An interesting spat is just breaking out over cuts. The Conservatives have a leak from the working of the Budget showing detailed projections in government revenue to 2013-14 covered by all the main Sundays. This suggests income tax rising from £140bn this year to £191bn in four years’ time. The Tories say this is not explained by economic growth and that the gap – £15bn – is equivalent to 3p in the basic rate of income tax. Liam Byrne is pushing back, saying Osborne is trying to “mislead the British people” (as if the government would try to do such a thing) and that the increase was accounted for “the economy returning to growth, no more, no less”.
At first, I was a suspicious of the Tory analysis: income tax does tend to rise faster than the economy recovers in a typical post-recession, just as it falls more sharply in the downturn. But then I saw the leaked figures – and right enough, there is a large, whiskered rat. Income tax revenues are forecast to rise much faster than National Insurance contributions. There is no explanation for this. Corporation tax receipts are forecast to rise up from £29bn now to £43bn in 2013-14. Without a tax rise? Really?
Byrne is talking out of his hat when he says this is just tax revenues bouncing back naturally because HM Treasury’s figures will include the made-up sum it pretends it will raise due to the 50p tax rise. I gather that Labour is trying to kill the story by saying the data is old. Not so. The totals were known, but the breakdown was concealed – perhaps because we’d see what dodgy assumptions they had used. These figures are new and fascinating.
My verdict: that The Treasury has no clue where this extra tax revenue is going to come from, and that the Tories are justified in trying to illustrate the size of this black hole by making the standard mechanism (of using PBR08 ready reckoners) to express it in terms of 3p on the basic rate of tax. The Spectator recently made an FOI request for the workings which purport to explain why the 50p tax would raise money (we’re still trying to persuade Osborne that it’s a ruse). Staggeringly, the Treasury claimed not to have any working. As if. The Instutite for Fiscal Studies made a successful request recently (pdf, p20) for the 45p tax – so I suspect the Treasury is lying.

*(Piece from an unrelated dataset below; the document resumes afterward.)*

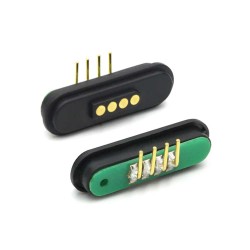 4Pin Magnetic Charging Cable for Rugged TwoWay Radios Magnetic Data Cable with Magnetic Connector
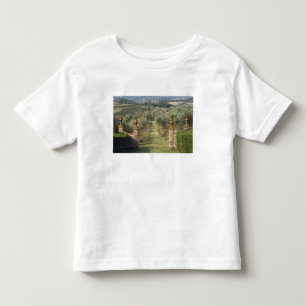 Camiseta De Bebé Viñedos, Toscana, Italia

Bottom line: the government has been making up the figures in Budget 2009, and is trying to cover its tracks. It will have been aiming to deceive not just the Tories, but the bond market about the real state of UK public finances and downplay the likely size of the deficit. Budget 2009 should have started with the words “once upon a time”. It is now unravelling spectacularly.
PS. I should add that, as all these projections are for after the election, matters not a jot what Labour “would” do – by then, they’ll be engaged in an internecine civil war on the opposition benches. Perhaps why HM Treasury is not taking these projections too seriously – the civil servants will know its a pre-election ruse. More seriously, if Osborne has identified a £15bn unexplained gap, it’s one he will have to fill with spending cuts or tax rises.